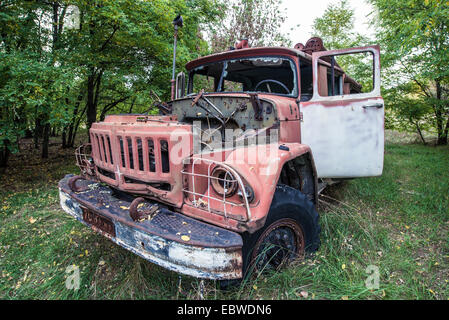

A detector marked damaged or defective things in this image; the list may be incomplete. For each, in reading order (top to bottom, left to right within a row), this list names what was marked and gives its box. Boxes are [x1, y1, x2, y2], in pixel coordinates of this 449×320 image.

cracked bumper [59, 175, 243, 280]
rusty vehicle [57, 16, 384, 284]
abandoned fire truck [57, 16, 384, 284]
broken windshield [186, 56, 296, 97]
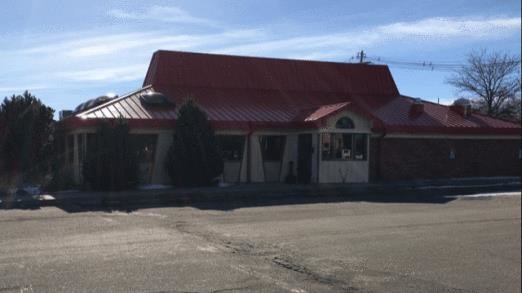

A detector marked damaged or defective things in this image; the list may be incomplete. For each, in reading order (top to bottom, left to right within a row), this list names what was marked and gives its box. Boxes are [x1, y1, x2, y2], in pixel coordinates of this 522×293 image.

cracked pavement [1, 192, 520, 290]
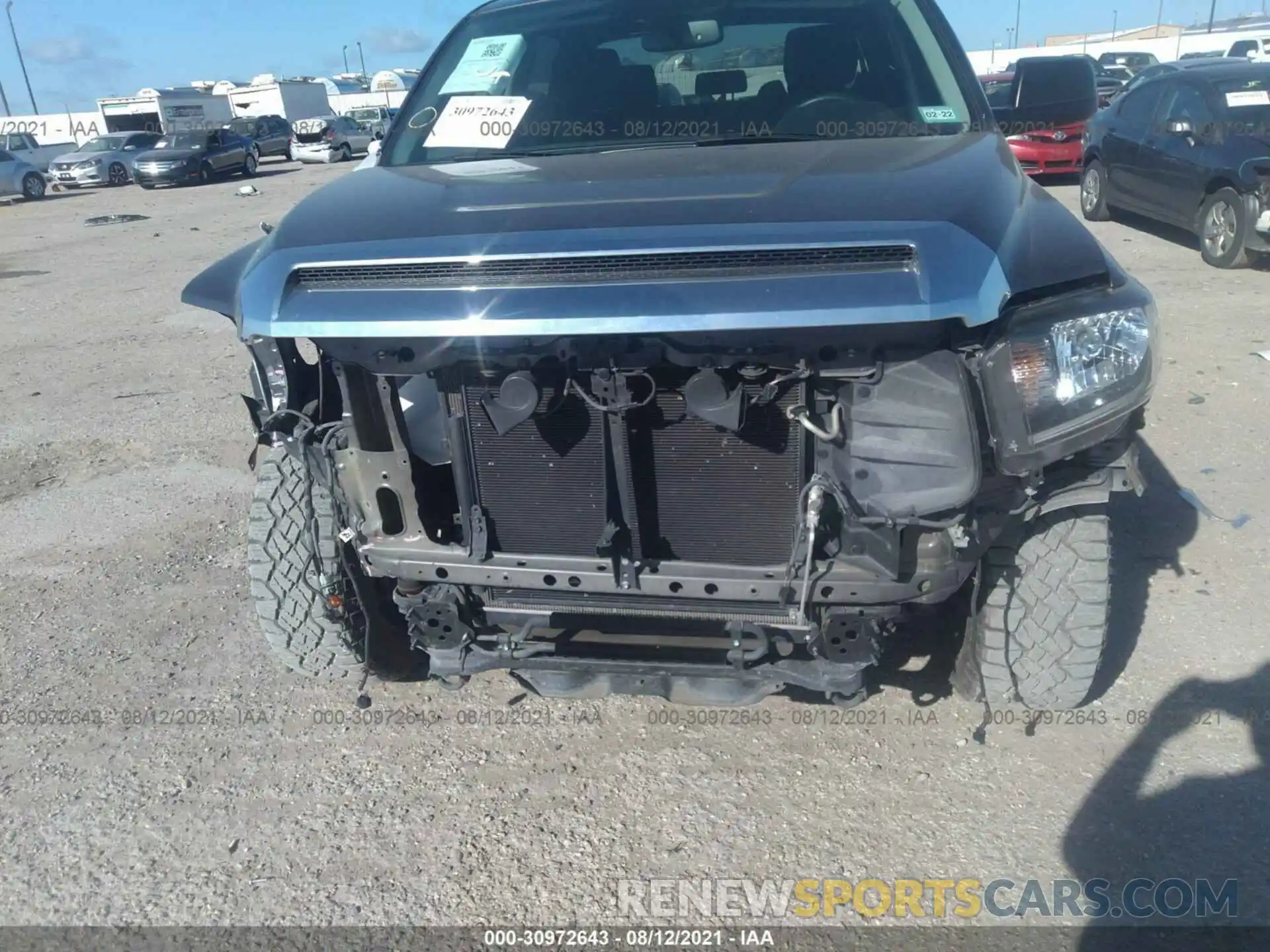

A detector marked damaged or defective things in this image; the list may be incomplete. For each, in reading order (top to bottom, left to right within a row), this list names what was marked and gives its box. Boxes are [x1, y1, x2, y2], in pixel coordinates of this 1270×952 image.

damaged gray pickup truck [181, 0, 1163, 711]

▶ **What to do**: Each entry needs to be retyped exactly; the pictures stay out.

▶ **Solution below**:
A detector marked damaged or defective things in this image; the list may be incomplete. For each, in reading order (top to bottom, left to right within a row), this list names what was marked and gives its box. Boxes are [x1, y1, x2, y2], in pixel coordinates of this 449×320 image.

cracked bumper [59, 175, 243, 280]
rusty vehicle [57, 16, 384, 284]
abandoned fire truck [57, 16, 384, 284]
broken windshield [186, 56, 296, 97]

A detector marked damaged or defective things in this image; the list may be incomplete. For each, in reading order (top to bottom, left to right within a row), this list names what was marked and gives its box. Boxes are [x1, y1, x2, y2], in pixel coordinates of this 522×293 image.

cracked pavement [1, 192, 520, 290]

A detector marked damaged or defective things in this image; the list may be incomplete. For each, in reading order (top to bottom, left to right within a row), this list names what was marked and gives its box. Boxes are [x1, y1, x2, y2], in pixel coordinates of this 1270×952 image.

damaged gray pickup truck [181, 0, 1163, 711]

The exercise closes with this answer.